→ **ABOUT THIS TASK**:
Although the records contain pictures, repeat only the text of every line exactly.
····················
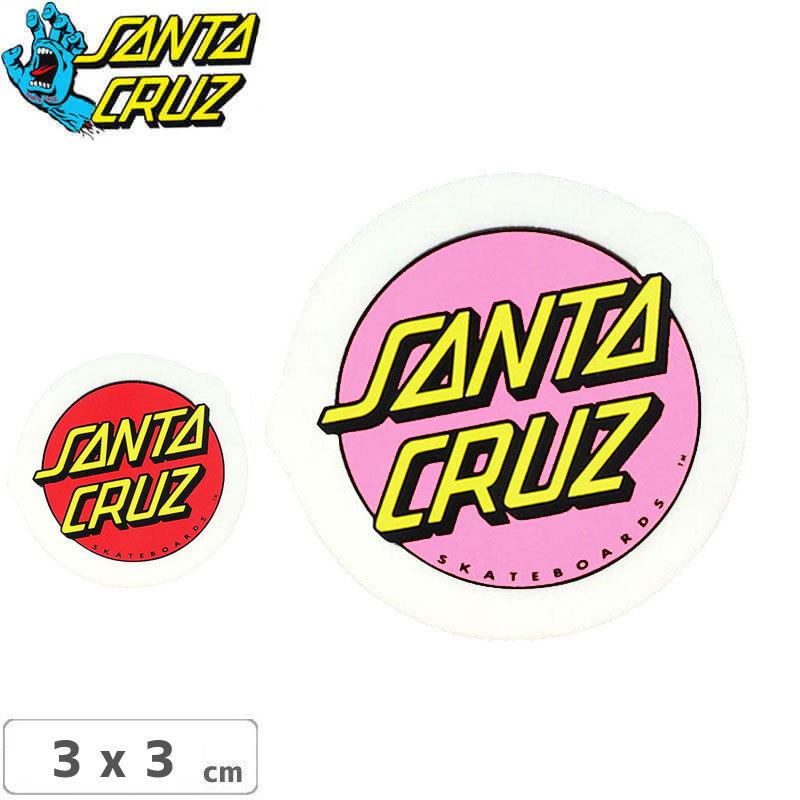 スケボー スケートボード ステッカー サンタクルーズ Santacruz Logo 2色 3cm X 3cm No58 Ac 22 Sticker 58 スケートボードショップ砂辺 通販 Yahoo ショッピング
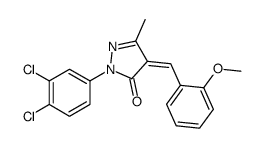 (4E)-2-(3,4-dichlorophenyl)-4-[(2-methoxyphenyl)methylidene]-5-methylpyrazol-3-one Structure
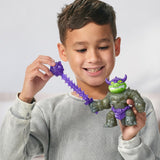 Heroes of Goo Jit Zu Stretch Strikers Deluxe Hero Pack Rock Jaw Sträckbar actionfigur med 20+ coola fightingutrustning Actionfigurer Naty Shop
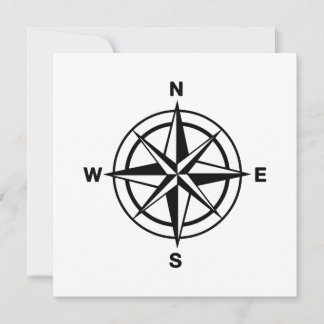 Nautical Compass Rose Invitation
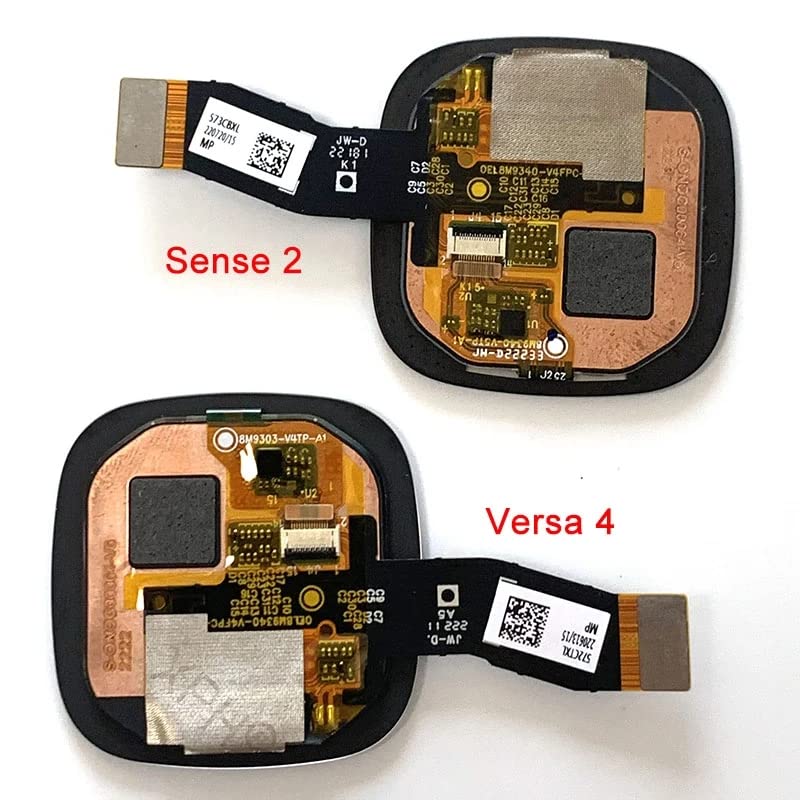 Showgood Écran tactile LCD pour Fitbit Versa 2 3 pour montre Fitbit Versa 4 LCD Sense 2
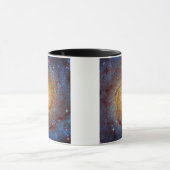 Messier 74 Spiral Galaxy Buitenspatie Foto Mok (Midden)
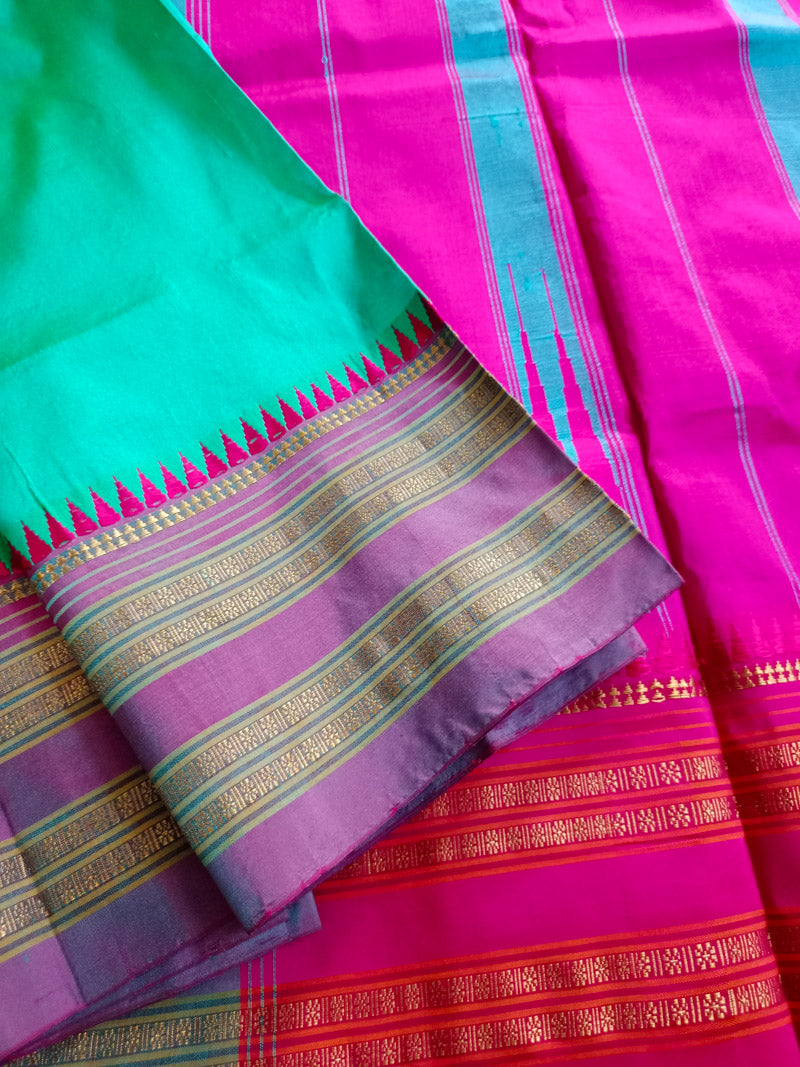 Buy Unnati Silks Unnati Silks Black & Red Woven Design Pure Cotton Narayan  Peth Saree at Redfynd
····················
→ **RESPONSE**:
 スケボー スケートボード ステッカー サンタクルーズ Santacruz Logo 2色 3cm X 3cm No58 Ac 22 Sticker 58 スケートボードショップ砂辺 通販 Yahoo ショッピング
 (4E)-2-(3,4-dichlorophenyl)-4-[(2-methoxyphenyl)methylidene]-5-methylpyrazol-3-one Structure
 Heroes of Goo Jit Zu Stretch Strikers Deluxe Hero Pack Rock Jaw Sträckbar actionfigur med 20+ coola fightingutrustning Actionfigurer Naty Shop
 Nautical Compass Rose Invitation
 Showgood Écran tactile LCD pour Fitbit Versa 2 3 pour montre Fitbit Versa 4 LCD Sense 2
 Messier 74 Spiral Galaxy Buitenspatie Foto Mok (Midden)
 Buy Unnati Silks Unnati Silks Black & Red Woven Design Pure Cotton Narayan  Peth Saree at Redfynd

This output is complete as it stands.